Прошлой ночью в постели я читала «Страх и ненависть». Это легкомысленное и изощренное самокопание. Думаю, что не настолько люблю наркотики, хотя родители и заставляют меня каждый вечер пить бренди. Они считают это знаком внимания.
Я видела вас вчера в раздевалке, вы переобувались. На вашей лодыжке был синяк. Где вы так ударились?
С уважением,
Николь Боннер
Записка заставила Дугласа призадуматься. Он не любил Хантера С. Томпсона, но Николь написала «в постели» и заметила его ссадину. Это было в стиле Николь — замечать редкие, скрытые качества окружающего мира и привлекать к ним внимание Дугласа. Этот день не стал исключением:
— Яго полон похоти, мистер Керчек, — сказала Джил Экхард.
— Он коварный ублюдок и интриган вроде Макиавелли, — заметила Ронда Фелпс.
— Знаете, какое слово хорошо повторять по нескольку раз? — Николь жевала прядь волос. — «Полоскать». Подумайте, мистер Керчек. Полоскать. Полоскать.
Этим вечером, как обычно, Дуглас возвращался в свою запущенную квартиру. Ему шел тридцать первый год. Жил он один, в пяти кварталах от школы. В его доме было много мексиканцев, которые пили пиво и каждый вечер играли в покер в коридоре рядом с дверью Дугласа. Между собой Дугласа они прозвали Уно, потому что, когда бы он с ними ни сидел, заказывал только одно пиво, а потом раскланивался.
— Уно, — хихикали мексиканцы, — забери наши деньги, Уно!

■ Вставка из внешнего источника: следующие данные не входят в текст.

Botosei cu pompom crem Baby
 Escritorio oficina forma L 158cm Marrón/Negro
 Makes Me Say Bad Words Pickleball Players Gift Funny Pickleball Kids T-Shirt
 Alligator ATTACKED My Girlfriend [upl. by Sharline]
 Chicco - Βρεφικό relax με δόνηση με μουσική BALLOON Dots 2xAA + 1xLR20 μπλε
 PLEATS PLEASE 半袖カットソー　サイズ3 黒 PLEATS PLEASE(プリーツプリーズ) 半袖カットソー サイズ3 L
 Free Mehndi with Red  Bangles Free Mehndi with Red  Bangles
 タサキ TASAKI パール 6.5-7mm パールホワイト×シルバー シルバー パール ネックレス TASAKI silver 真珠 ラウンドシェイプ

Двенадцатилетний мальчишка Чьяпас грохотал жестянкой из-под пива.
— Получи свое лекарство, Уно.
Дуглас устало улыбнулся, прогнал их и открыл дверь.
«Полоскать, — повторил он, нахмурясь. — Полоскать».
Съев наскоро приготовленный бутерброд, Дуглас сел проверять сочинения. Он был ответственным преподавателем, носил короткие бакенбарды с пробивавшейся сединой. Еще у него было боксерское телосложение и гарвардский диплом магистра по английской литературе. Ни жены, ни подруги у него не было. Все вышеперечисленное делало Дугласа самой загадочной персоной для женского населения школы Святой Агнессы — как преподавательниц, так и учениц — но Дуглас вел сидячий образ жизни. Он любил книги, был страстным поклонником кино, волосы он подстригал каждый месяц у Чьяпаса, чей отец держал парикмахерскую в соседнем квартале. Дуглас был спокойным и, как он полагал, счастливым человеком. К тому же он был единственным преподавателем-мужчиной в школе Святой Агнессы. Шерил, Одри и Катя, три незамужние женщины из преподавательского состава, соперничали за свидание с ним, но Дуглас не обращал на коллег внимания. У Шерил были поразительные замшевые костюмы, смущавшие Дугласа, два бывших мужа Одри служили в полиции, а Катя, несмотря на длинные ноги и литовский акцент, была жестока с девочками. Таким образом, Дуглас проводил ночи в одиночестве, смотря фильмы, проверяя сочинения и от случая к случаю болтая с Чьяпасом и его компанией. Этим вечером Дуглас только собрался проверять сочинения, как зазвонил телефон.